*** Data supplied ***

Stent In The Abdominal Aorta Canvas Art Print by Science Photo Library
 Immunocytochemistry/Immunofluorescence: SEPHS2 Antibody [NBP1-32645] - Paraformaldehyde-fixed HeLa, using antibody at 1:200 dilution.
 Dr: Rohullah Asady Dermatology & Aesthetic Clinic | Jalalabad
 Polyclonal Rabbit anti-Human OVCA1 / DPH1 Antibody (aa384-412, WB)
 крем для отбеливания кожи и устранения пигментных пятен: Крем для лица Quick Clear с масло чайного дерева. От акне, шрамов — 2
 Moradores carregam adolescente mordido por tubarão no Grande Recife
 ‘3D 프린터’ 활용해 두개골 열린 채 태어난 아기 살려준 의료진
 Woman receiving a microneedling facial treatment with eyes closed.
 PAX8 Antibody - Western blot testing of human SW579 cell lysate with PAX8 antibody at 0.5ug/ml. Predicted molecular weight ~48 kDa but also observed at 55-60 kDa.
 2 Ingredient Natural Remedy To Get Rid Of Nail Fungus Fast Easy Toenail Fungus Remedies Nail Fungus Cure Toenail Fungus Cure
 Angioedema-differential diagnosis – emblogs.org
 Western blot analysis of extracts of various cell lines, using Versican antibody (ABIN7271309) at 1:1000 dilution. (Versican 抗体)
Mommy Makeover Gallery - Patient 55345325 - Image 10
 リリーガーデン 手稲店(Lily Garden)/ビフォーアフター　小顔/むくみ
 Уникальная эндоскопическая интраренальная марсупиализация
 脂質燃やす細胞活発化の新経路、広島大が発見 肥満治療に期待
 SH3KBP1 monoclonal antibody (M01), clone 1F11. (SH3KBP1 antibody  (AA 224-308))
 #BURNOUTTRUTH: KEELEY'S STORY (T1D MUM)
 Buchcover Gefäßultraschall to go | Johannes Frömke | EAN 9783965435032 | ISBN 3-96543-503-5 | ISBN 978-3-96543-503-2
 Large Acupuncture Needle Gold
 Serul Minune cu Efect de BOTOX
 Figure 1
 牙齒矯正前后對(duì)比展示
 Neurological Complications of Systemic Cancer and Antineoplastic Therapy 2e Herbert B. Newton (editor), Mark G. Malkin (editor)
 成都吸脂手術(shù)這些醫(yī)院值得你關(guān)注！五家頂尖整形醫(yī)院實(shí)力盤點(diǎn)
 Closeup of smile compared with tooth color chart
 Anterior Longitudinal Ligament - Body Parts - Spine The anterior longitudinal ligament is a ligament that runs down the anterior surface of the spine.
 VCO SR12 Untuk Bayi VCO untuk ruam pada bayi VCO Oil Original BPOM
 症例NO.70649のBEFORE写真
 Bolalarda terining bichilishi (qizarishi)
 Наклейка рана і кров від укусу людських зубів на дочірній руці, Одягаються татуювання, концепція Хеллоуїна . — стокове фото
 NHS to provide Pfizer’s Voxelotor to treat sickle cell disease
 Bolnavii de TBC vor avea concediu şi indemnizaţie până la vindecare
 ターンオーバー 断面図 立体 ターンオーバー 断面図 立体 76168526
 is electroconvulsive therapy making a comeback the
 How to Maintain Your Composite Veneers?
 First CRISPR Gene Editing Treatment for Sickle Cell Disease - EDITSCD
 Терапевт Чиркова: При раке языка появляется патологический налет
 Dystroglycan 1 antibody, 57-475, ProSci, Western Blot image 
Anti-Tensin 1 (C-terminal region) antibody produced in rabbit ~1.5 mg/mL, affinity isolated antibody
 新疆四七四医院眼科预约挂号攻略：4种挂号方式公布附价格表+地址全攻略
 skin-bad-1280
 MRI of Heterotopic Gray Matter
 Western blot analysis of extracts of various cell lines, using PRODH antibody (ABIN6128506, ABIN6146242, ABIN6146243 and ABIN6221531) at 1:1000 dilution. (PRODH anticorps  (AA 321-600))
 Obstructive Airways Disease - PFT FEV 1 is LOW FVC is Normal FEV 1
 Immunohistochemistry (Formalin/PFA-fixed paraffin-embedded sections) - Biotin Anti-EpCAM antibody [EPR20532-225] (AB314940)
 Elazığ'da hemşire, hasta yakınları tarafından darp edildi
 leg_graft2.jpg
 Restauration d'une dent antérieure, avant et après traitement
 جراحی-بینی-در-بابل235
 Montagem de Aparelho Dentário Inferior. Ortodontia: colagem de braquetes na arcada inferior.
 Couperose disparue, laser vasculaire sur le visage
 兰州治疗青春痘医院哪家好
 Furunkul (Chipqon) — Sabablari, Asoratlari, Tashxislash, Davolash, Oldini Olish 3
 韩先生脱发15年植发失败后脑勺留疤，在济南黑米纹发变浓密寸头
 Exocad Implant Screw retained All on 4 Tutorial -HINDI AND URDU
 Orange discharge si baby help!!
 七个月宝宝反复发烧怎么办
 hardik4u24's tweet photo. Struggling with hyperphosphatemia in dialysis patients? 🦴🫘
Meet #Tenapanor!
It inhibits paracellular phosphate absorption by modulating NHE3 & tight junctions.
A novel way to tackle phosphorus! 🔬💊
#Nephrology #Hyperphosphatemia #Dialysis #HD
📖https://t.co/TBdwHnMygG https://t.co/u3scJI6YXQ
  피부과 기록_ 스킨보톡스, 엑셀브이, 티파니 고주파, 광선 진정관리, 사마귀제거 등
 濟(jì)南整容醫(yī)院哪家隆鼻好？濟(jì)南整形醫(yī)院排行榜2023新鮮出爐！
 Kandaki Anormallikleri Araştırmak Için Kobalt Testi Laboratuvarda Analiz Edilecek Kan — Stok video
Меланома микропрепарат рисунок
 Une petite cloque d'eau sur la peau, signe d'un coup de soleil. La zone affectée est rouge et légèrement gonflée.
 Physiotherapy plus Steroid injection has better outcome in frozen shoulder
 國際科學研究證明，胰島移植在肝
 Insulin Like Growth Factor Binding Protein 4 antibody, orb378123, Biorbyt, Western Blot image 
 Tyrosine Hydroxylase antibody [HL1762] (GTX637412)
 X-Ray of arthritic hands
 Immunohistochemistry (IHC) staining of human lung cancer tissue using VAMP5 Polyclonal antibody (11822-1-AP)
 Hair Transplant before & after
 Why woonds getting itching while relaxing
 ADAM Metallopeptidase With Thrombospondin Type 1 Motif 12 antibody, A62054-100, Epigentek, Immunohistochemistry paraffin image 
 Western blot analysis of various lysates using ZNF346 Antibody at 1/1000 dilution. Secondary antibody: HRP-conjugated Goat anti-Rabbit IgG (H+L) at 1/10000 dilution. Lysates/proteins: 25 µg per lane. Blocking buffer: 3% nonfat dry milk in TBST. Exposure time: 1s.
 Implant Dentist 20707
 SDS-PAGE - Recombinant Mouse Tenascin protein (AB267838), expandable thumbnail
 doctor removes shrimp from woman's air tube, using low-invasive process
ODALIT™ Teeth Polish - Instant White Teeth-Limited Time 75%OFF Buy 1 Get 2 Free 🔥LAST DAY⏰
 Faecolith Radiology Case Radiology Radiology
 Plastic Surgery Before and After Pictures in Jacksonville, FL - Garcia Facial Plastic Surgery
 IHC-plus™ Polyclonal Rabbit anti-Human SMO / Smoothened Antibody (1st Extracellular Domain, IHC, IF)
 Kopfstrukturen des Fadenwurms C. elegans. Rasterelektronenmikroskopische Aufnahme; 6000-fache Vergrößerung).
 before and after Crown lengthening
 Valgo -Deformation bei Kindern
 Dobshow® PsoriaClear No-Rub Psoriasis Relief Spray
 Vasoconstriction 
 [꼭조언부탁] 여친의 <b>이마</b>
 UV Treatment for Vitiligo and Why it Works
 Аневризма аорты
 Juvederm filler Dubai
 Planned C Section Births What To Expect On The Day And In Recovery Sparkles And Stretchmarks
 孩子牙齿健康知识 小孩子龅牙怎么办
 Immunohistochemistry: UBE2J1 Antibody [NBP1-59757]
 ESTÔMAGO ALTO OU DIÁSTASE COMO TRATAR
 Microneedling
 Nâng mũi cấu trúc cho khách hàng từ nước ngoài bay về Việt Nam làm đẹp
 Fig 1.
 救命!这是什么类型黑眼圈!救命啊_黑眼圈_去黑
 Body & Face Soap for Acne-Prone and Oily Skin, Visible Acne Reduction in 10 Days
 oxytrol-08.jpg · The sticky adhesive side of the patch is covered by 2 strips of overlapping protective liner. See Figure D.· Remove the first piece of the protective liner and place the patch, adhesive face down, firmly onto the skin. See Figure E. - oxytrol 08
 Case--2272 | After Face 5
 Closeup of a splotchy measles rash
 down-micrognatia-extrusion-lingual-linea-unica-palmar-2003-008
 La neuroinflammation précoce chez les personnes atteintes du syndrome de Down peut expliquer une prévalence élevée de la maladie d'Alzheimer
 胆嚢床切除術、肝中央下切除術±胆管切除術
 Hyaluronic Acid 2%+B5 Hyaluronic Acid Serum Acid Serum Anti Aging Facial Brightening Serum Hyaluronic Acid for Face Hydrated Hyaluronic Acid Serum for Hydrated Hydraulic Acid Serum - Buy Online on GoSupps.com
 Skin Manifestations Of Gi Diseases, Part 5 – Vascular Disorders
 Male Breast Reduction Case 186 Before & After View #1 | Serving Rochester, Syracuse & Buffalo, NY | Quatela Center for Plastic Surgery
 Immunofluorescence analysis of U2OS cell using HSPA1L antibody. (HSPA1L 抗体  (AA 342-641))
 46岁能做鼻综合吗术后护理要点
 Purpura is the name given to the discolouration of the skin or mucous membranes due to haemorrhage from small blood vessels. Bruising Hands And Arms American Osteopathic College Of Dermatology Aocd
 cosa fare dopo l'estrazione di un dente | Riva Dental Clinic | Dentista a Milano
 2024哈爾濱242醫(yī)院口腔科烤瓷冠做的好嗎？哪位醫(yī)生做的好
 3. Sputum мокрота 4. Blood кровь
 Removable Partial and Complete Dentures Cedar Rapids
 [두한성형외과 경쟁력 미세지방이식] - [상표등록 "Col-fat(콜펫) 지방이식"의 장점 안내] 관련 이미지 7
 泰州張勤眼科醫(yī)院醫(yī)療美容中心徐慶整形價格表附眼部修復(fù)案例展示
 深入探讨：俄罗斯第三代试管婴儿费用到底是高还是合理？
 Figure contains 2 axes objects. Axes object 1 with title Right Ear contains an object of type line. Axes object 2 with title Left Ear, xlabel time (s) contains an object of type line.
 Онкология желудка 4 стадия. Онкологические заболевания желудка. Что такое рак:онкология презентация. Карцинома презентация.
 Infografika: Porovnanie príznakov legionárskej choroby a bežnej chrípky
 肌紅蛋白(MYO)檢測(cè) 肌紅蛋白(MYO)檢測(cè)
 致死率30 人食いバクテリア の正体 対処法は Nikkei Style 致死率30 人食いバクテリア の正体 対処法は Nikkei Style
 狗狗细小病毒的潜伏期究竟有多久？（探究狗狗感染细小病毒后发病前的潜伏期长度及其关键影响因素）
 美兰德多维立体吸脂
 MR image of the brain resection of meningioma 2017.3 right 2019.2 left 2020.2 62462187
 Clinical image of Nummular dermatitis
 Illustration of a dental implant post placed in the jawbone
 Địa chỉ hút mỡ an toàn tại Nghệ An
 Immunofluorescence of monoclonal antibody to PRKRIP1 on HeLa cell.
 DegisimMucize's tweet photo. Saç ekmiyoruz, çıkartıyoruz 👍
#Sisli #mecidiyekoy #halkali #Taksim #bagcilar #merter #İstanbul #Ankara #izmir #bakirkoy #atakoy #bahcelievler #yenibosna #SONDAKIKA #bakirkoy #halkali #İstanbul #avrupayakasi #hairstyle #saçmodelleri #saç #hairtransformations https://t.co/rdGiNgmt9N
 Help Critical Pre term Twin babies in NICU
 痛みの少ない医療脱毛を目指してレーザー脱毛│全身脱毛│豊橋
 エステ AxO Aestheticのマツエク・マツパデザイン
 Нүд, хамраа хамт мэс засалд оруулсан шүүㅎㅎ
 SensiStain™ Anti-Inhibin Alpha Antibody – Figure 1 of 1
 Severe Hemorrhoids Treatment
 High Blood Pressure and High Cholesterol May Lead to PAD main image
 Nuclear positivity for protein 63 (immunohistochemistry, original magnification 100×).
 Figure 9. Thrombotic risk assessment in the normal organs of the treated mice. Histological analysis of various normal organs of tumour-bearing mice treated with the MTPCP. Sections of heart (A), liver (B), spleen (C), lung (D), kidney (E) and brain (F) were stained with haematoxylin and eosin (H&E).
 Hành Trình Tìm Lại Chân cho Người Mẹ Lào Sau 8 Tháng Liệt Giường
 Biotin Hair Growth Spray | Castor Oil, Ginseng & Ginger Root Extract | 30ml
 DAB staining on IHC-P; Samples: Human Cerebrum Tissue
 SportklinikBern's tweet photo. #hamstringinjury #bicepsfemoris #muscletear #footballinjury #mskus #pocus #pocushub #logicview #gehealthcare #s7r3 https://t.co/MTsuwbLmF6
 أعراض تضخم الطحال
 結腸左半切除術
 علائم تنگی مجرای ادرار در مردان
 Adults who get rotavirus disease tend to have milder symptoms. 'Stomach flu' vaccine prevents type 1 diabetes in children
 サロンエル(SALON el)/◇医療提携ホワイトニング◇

*** End of Data supplied ***

### Requirement
Begin with the line above that has "X-Ray of arthritic hands" and continue through the line that has "before and after Crown lengthening", setting each one down exactly. Stop there.

### Response area
 X-Ray of arthritic hands
 Immunohistochemistry (IHC) staining of human lung cancer tissue using VAMP5 Polyclonal antibody (11822-1-AP)
 Hair Transplant before & after
 Why woonds getting itching while relaxing
 ADAM Metallopeptidase With Thrombospondin Type 1 Motif 12 antibody, A62054-100, Epigentek, Immunohistochemistry paraffin image 
 Western blot analysis of various lysates using ZNF346 Antibody at 1/1000 dilution. Secondary antibody: HRP-conjugated Goat anti-Rabbit IgG (H+L) at 1/10000 dilution. Lysates/proteins: 25 µg per lane. Blocking buffer: 3% nonfat dry milk in TBST. Exposure time: 1s.
 Implant Dentist 20707
 SDS-PAGE - Recombinant Mouse Tenascin protein (AB267838), expandable thumbnail
 doctor removes shrimp from woman's air tube, using low-invasive process
ODALIT™ Teeth Polish - Instant White Teeth-Limited Time 75%OFF Buy 1 Get 2 Free 🔥LAST DAY⏰
 Faecolith Radiology Case Radiology Radiology
 Plastic Surgery Before and After Pictures in Jacksonville, FL - Garcia Facial Plastic Surgery
 IHC-plus™ Polyclonal Rabbit anti-Human SMO / Smoothened Antibody (1st Extracellular Domain, IHC, IF)
 Kopfstrukturen des Fadenwurms C. elegans. Rasterelektronenmikroskopische Aufnahme; 6000-fache Vergrößerung).
 before and after Crown lengthening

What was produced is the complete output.